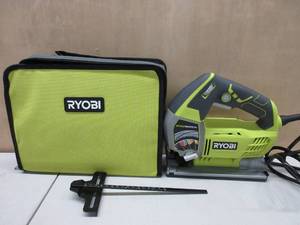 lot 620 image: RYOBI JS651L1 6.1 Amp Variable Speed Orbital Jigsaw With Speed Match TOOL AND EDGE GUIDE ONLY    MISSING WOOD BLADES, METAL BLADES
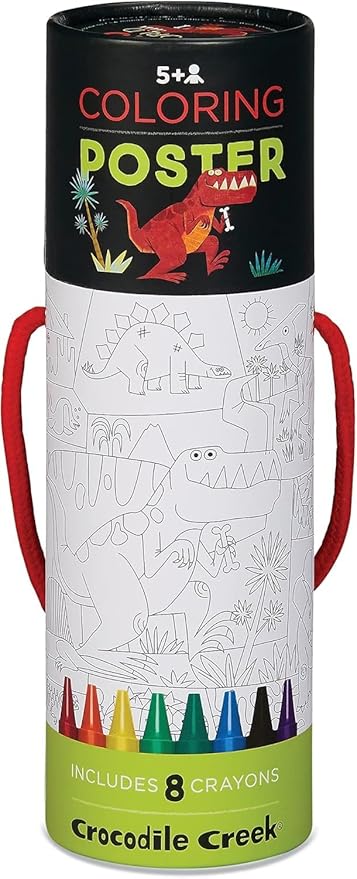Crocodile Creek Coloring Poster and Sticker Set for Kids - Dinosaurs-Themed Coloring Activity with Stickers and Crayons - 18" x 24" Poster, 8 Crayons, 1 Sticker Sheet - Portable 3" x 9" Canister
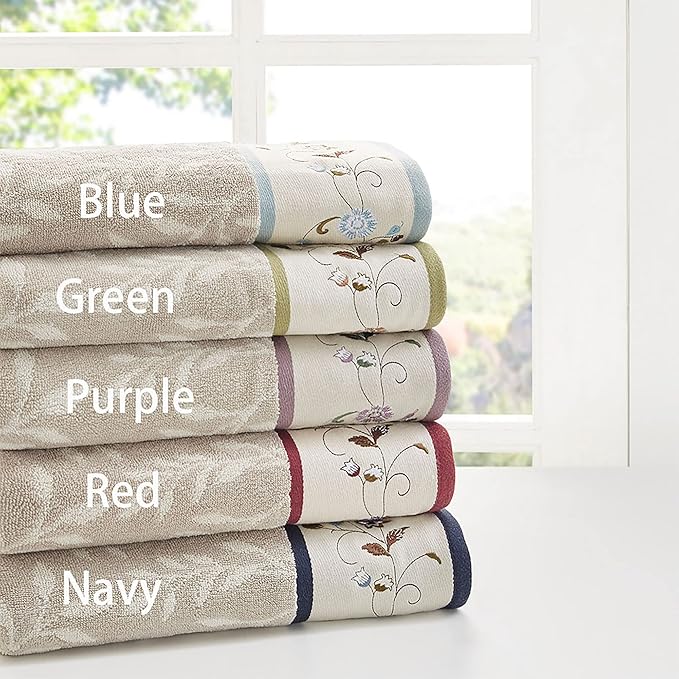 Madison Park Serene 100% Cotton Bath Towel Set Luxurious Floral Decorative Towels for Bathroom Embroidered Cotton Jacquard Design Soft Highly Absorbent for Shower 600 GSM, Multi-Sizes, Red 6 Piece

* * * *

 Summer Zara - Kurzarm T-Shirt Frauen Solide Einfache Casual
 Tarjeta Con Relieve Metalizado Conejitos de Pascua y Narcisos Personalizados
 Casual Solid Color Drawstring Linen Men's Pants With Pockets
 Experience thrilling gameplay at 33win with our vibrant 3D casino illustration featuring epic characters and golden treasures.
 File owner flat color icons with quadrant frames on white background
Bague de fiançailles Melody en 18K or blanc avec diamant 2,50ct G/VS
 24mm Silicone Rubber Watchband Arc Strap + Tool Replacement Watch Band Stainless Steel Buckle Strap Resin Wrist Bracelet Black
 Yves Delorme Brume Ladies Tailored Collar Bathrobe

* * * *

Task item>
Within the records above, find every line holding the word "Casual" and give the total as a bare number.

Answer section>
2